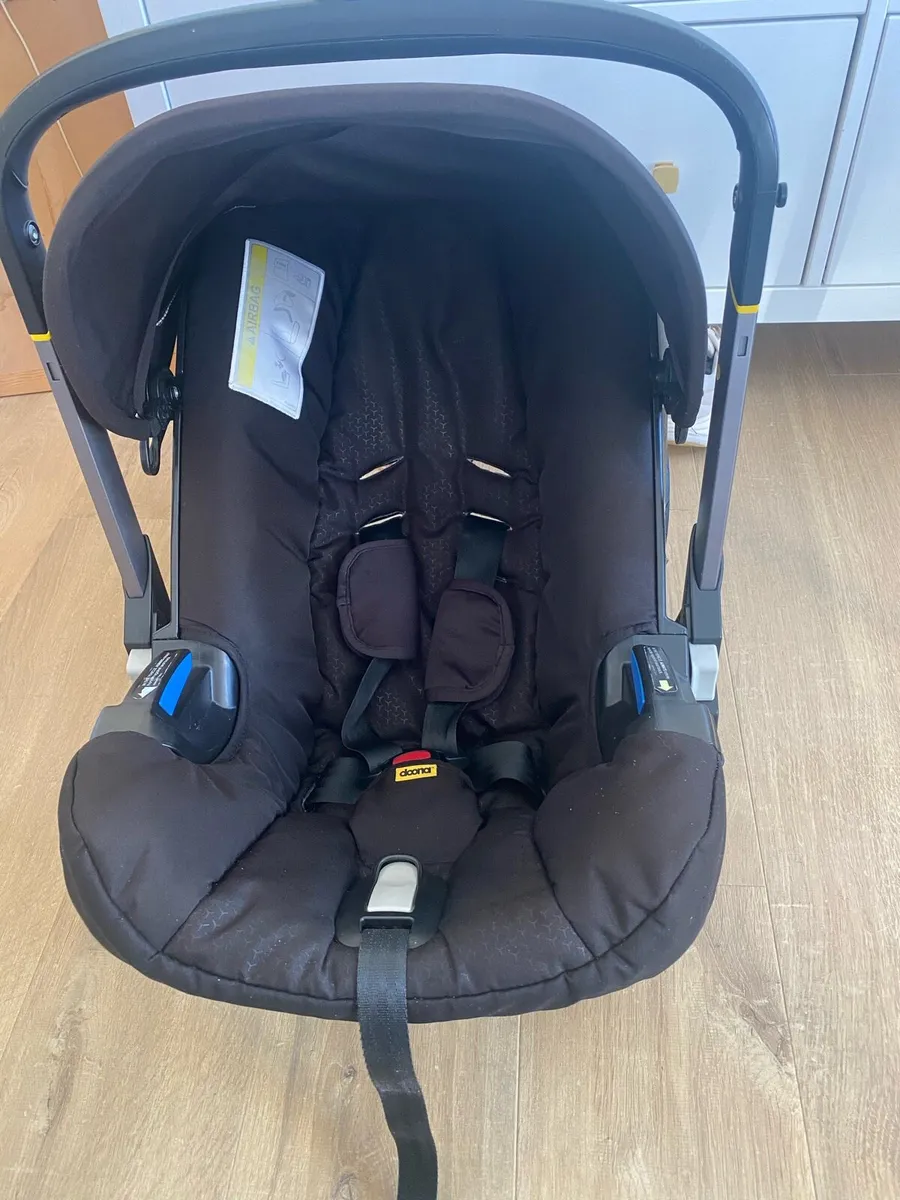 Doona car seat - Image 2
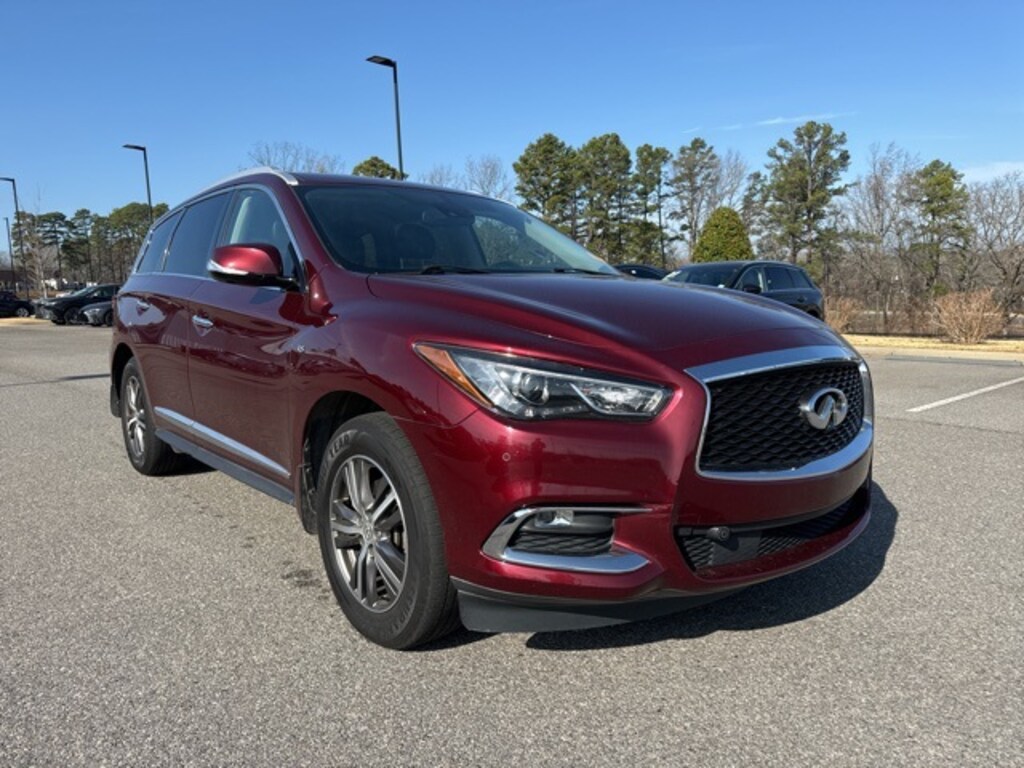 Used 2019 INFINITI QX60 SUV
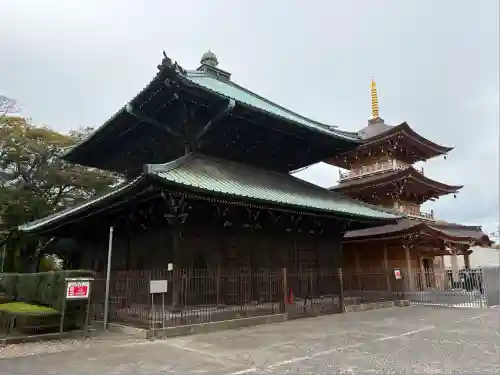 池上本門寺(東京都)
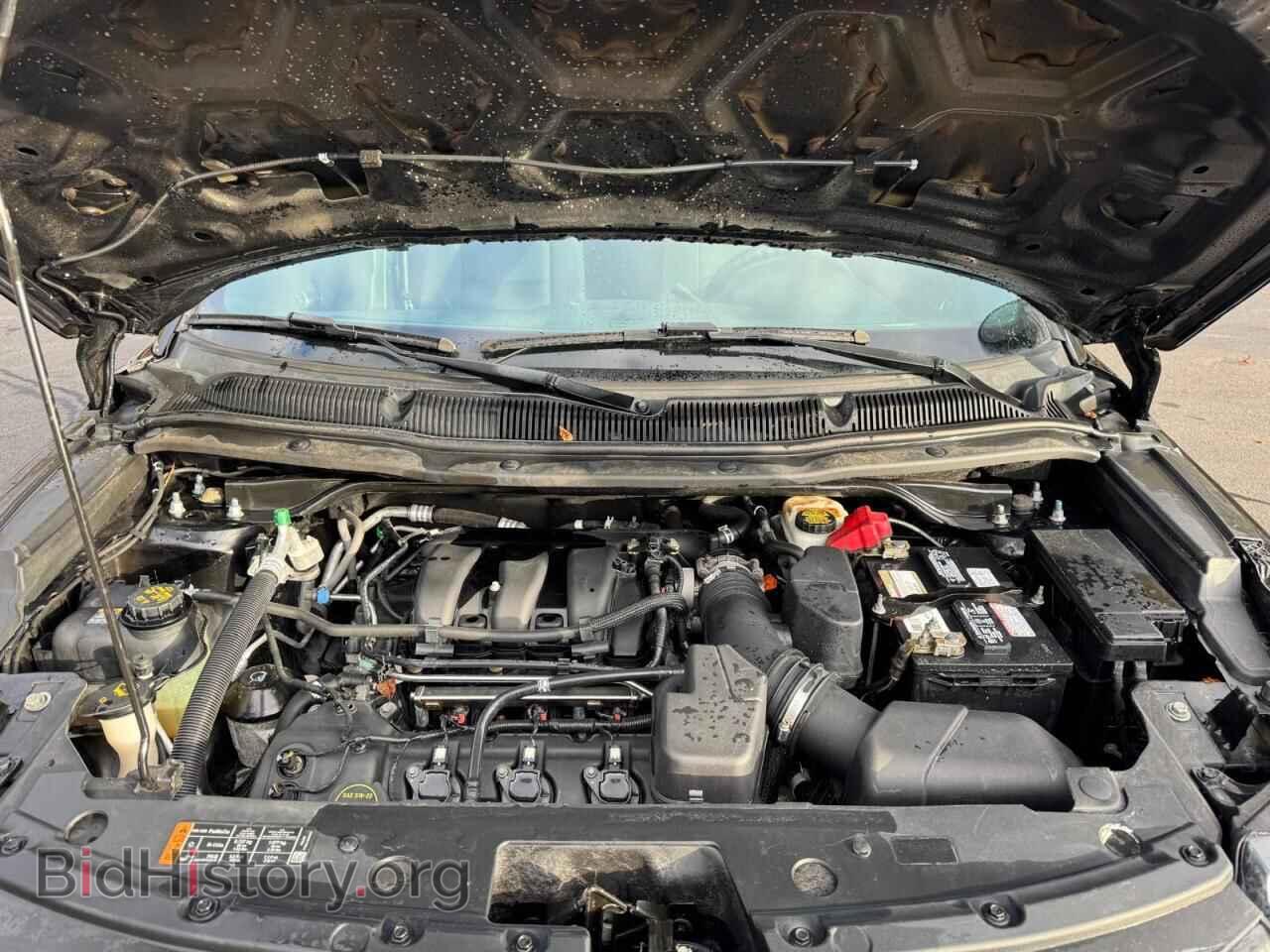 2018 FORD EXPLORER - VIN: 1FM5K8ARXJGB47636 - Photo 9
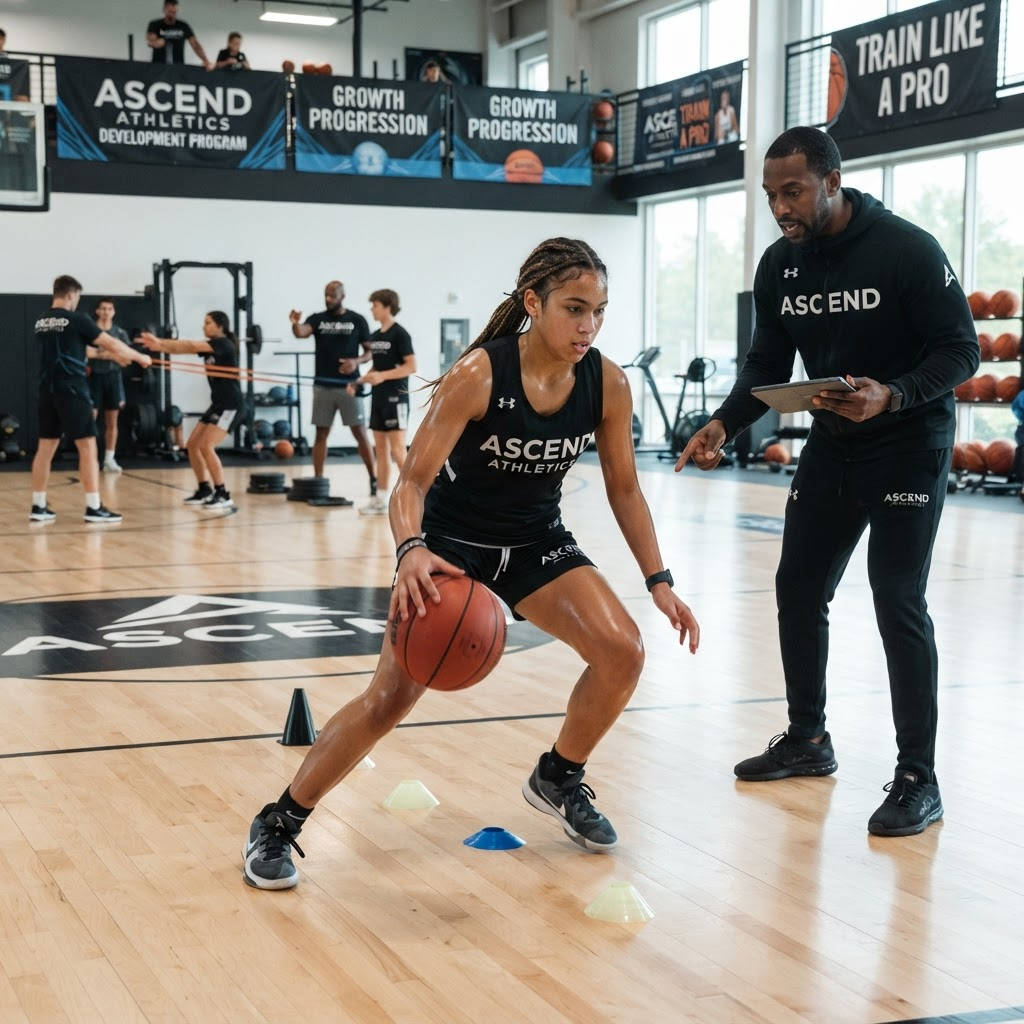 Athlete development pathway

========================================================================

▸ **REQUIRED WORK**
A word-for-word copy of the lines from the one with "Used 2019 INFINITI QX60 SUV" through the last line of the data above is required, with both end lines included and no pictures.

▸ **FINISHED EXERCISE**
 Used 2019 INFINITI QX60 SUV
 池上本門寺(東京都)
 2018 FORD EXPLORER - VIN: 1FM5K8ARXJGB47636 - Photo 9
 Athlete development pathway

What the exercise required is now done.